Just as the public tends to view presidents more kindly once they've left office, ex-presidents, too, tend to soften their judgments - or at least their public comments - with time.
Obama once excoriated Bush for his "failed policies" and "disastrous" handling of the economy, for expanding budget deficits, and for drawing the nation into war in Iraq.
On Thursday, he took a detour around those matters and instead praised Bush for his strength after 9/11, compassion in fighting HIV/AIDS in Africa, bipartisanship in pursuing education reforms and restarting "an important conversation by speaking with the American people about our history as a nation of laws and a nation of immigrants."
If the country is eventually able to enact immigration changes this year, Obama added, "it will be, in large part, thanks to the hard work of President George W. Bush."
Obama said the living presidents make up an exclusive club - but it's more like a support group for the men who have held the position.
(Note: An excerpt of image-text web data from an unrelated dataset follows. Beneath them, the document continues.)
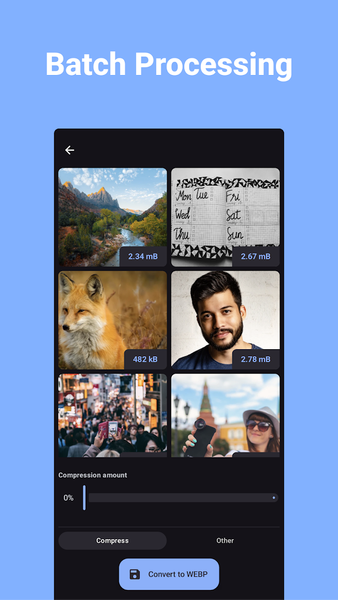 WEBP Converter - Image to WEBP - عکس برنامه موبایلی اندروید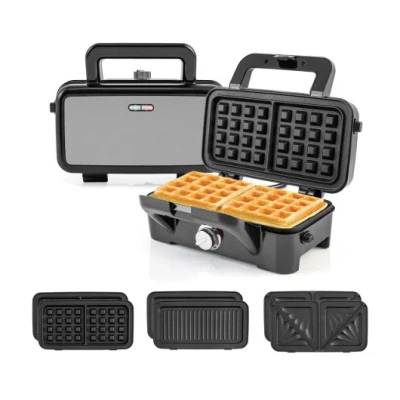 Costway 3-in-1 1082w Sandwich Maker With Removable Non-stick Plates-black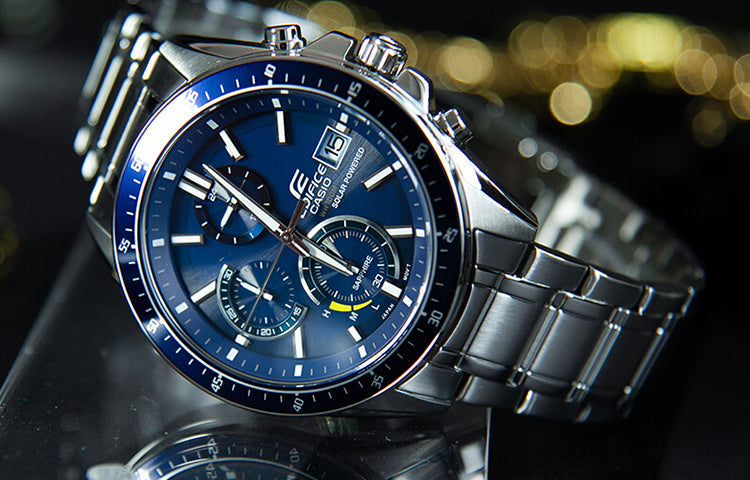 CASIO EDIFICE Waterproof Sapphire Crystal Solar Powered Stainless Steel Strap Mens Silver Analog EFS-S510D-2AVUPR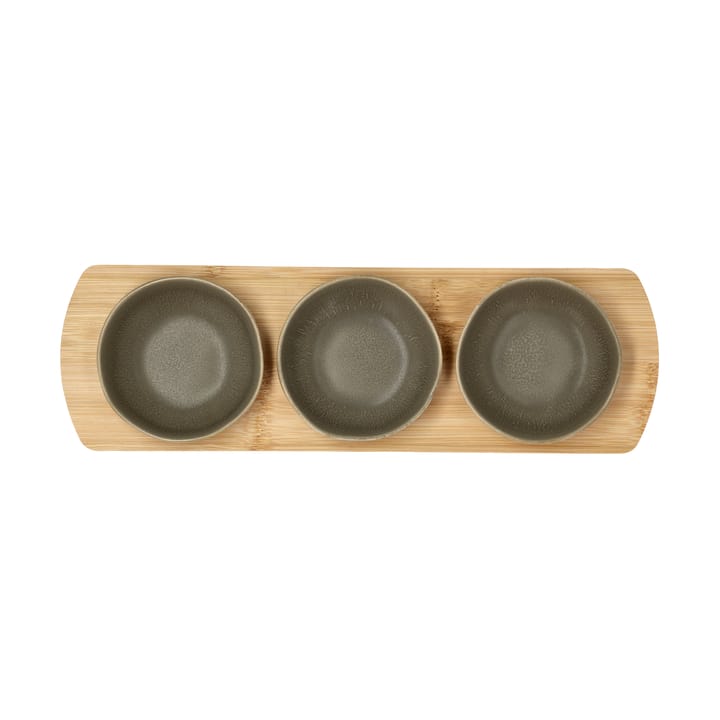 Shoku bambusbakke med 3 skåle, Warm Brown Villa Collection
"No matter how much you may think you are ready to assume the office of the presidency, it's impossible to truly understand the nature of the job until it's yours," Obama said. "And that's why every president gains a greater appreciation for all of those who served before them."
The other presidents struck a similar tone.
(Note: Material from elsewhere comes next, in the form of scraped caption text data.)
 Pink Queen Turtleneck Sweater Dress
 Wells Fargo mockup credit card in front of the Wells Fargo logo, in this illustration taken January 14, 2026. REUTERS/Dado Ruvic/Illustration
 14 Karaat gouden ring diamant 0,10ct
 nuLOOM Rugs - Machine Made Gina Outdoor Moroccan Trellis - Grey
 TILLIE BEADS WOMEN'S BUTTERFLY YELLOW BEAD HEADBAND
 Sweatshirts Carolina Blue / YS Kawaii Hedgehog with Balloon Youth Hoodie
Clinton praised Bush for his efforts to combat AIDS in Africa, his work on global health and even for the paintings he's doing in retirement. And he said he'd gotten so close to the Bush family that there were jokes that "I had become the black sheep son."
Carter praised Bush for his role in helping secure peace between North and South Sudan in 2005 and the "great contributions you've made to the most needy people on earth."
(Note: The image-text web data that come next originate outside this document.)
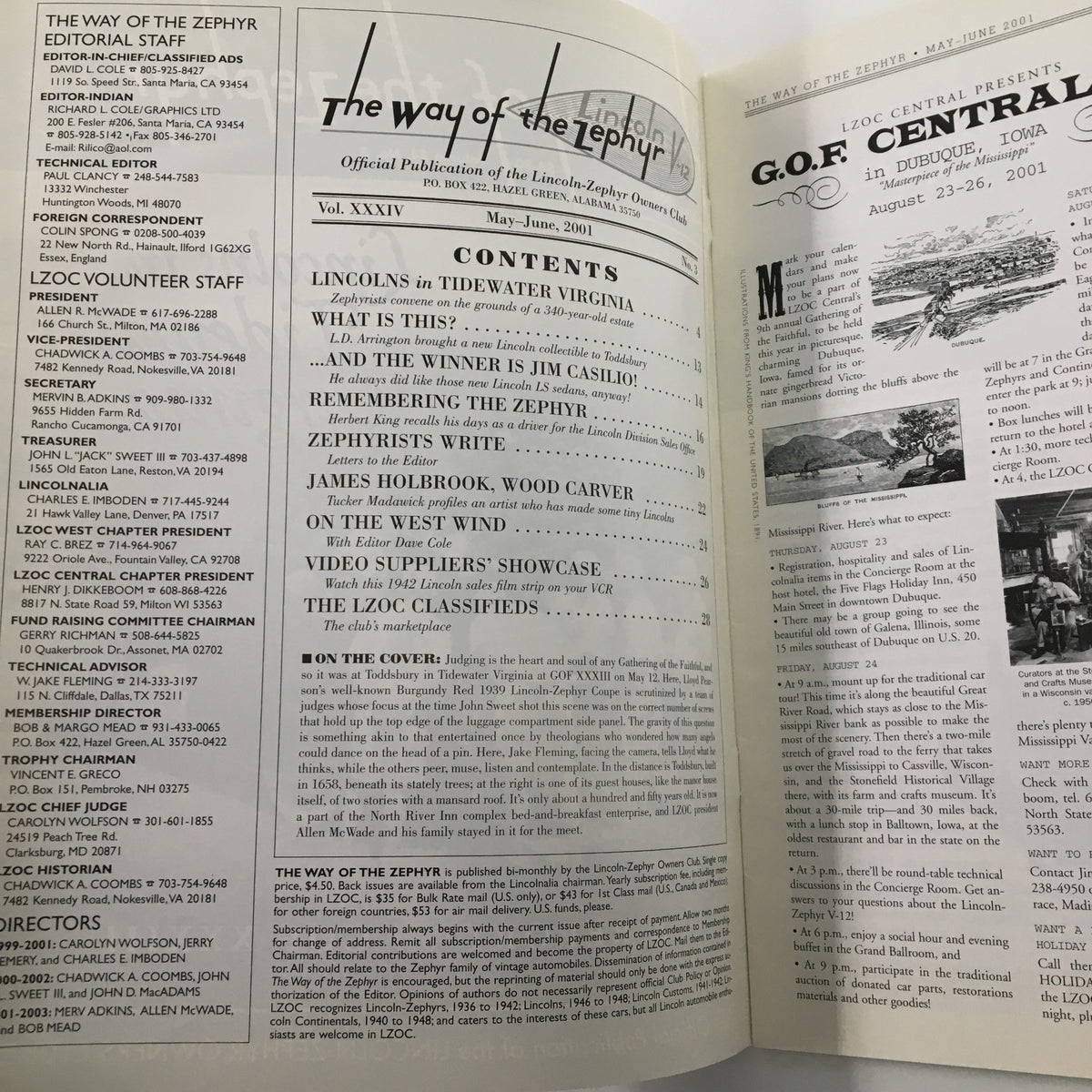 Inside page of The Way of the Zephyr Magazine, May 2001. The contents include articles about Toddsbury, Virginia and various features of the Lincoln-Zephyr Owners Club, reflecting the magazine's relevance to collectors of vintage publications.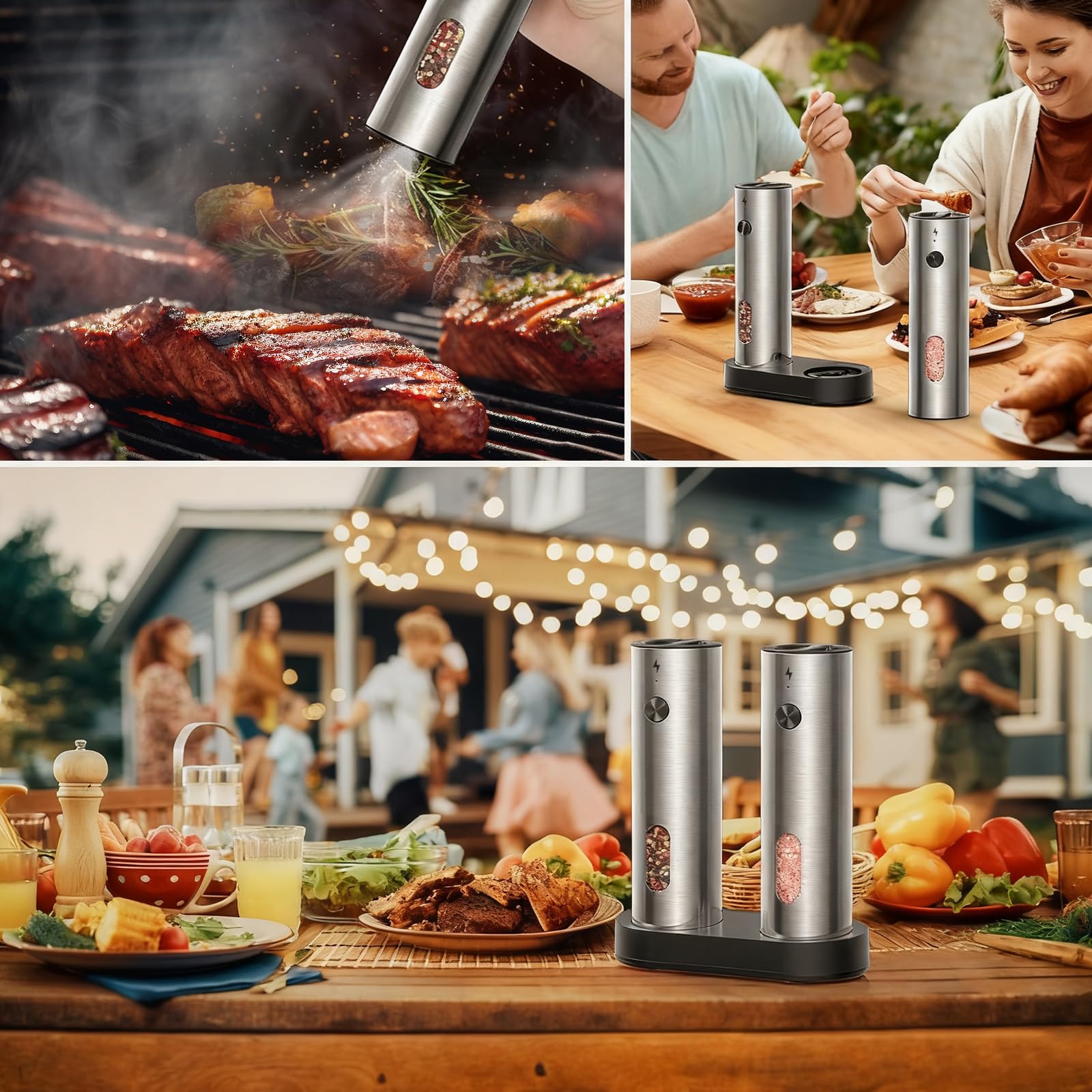 Moulin à Sel et Poivre Electrique, SINZONeu® Set en Acier Inoxydable avec Base de Charge USB-C, 5 Niveaux de Broyage, Capacité XL 110ml, Lumière LED pour Cuisine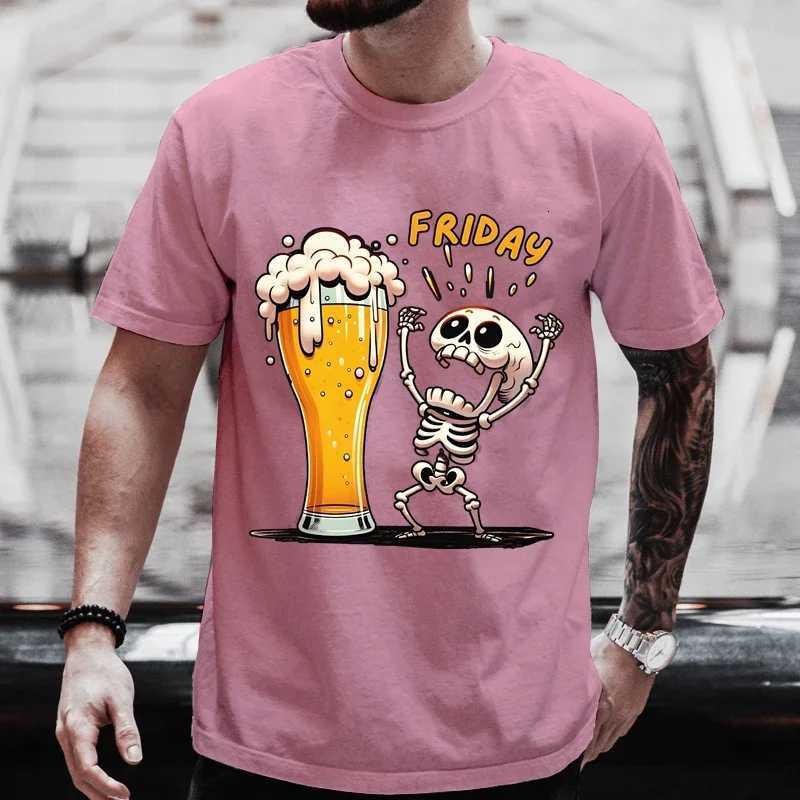 Summer Hot Sale Beer TShirts Funny 3D Skull Print T Shirt For Men Fashion New Oversized Tshirt Casual Oneck Short Sleeve TopsXJ251023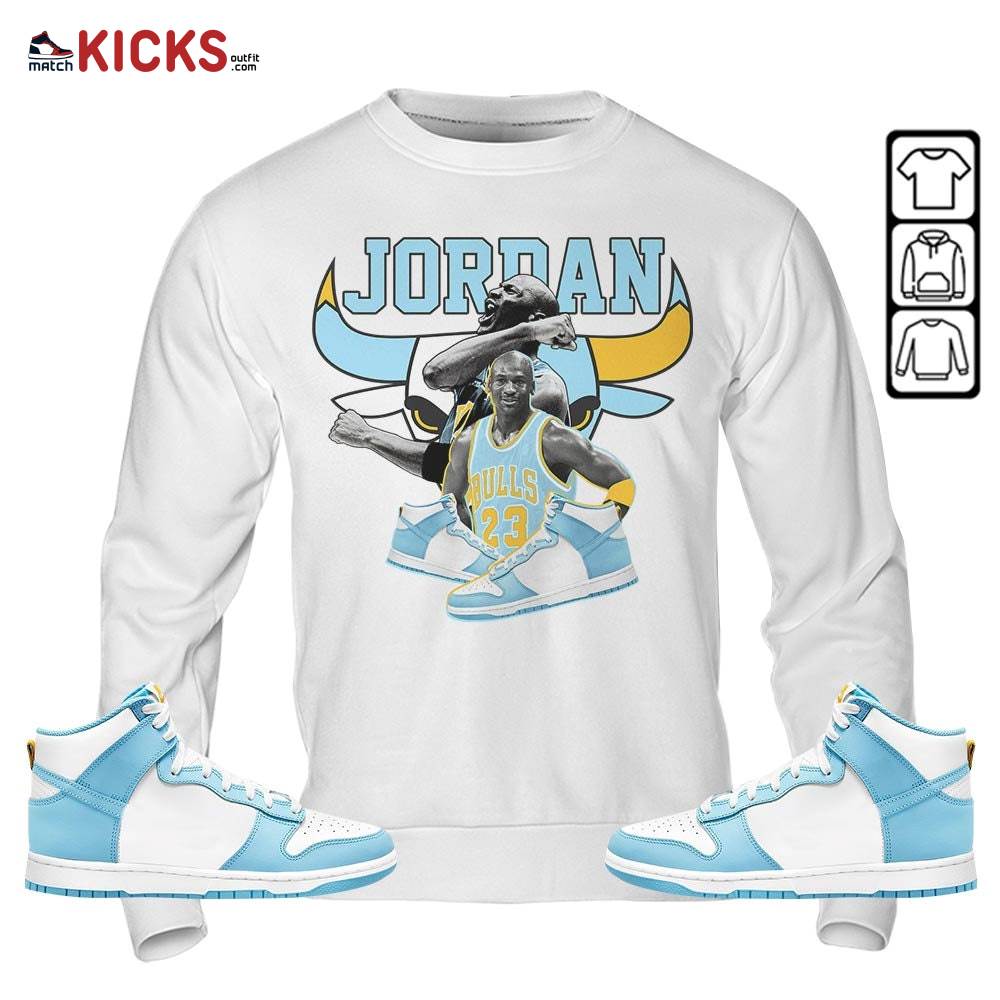 Bull Jordan Sneaker Shirt Match Dunk High Blue Chill, Dunk High Homer Simpson MKO Sweatshirt Bull Jordan Sneaker Shirt Match Dunk High Blue Chill, Dunk High Homer Simpson MKO Sweatshirt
Bush has kept a decidedly low profile since leaving office four years ago with an approval rating of just 33 percent. That figure has been gradually climbing and now is at 47 percent - about equal to Obama's own approval rating, according to a Washington Post-ABC News poll released ahead of the library opening.
If politics was absent from the podium on Thursday, it was still a prominent subtext.
Those in attendance included a number of potential candidates for president in 2016 - another Clinton (Hillary) and Bush (Jeb) among them.
George W. Bush in recent days played up the idea of his younger brother, the former governor of Florida, seeking the White House, telling C-SPAN, "My first advice is: Run."
Their mother, former first lady Barbara Bush, did the opposite.
"We've had enough Bushes," she said Thursday on NBC's "Today" show.
The presidential center at Southern Methodist University includes a library, museum and policy institute. It contains more than 70 million pages of paper records, 200 million emails, 4 million digital photos and 43,000 artifacts. Bush's library will feature the largest digital holdings of any of the 13 presidential libraries under the auspices of the National Archives and Records Administration.
A full-scale replica of the Oval Office as it looked during Bush's tenure sits on the campus, as does a piece of steel from the World Trade Center and the bullhorn that Bush used to punctuate the chaos at ground zero three days after 9/11. In the museum, visitors can gaze at a container of chads - the remnants of the famous Florida punch card ballots that played a pivotal role in the contested 2000 election that sent Bush to Washington.
Laura Bush led the library's design committee, officials said, with a keen eye toward ensuring that the family's Texas roots were conspicuously reflected. Architects used local materials, including Texas Cordova cream limestone and trees from the central part of the state, in its construction.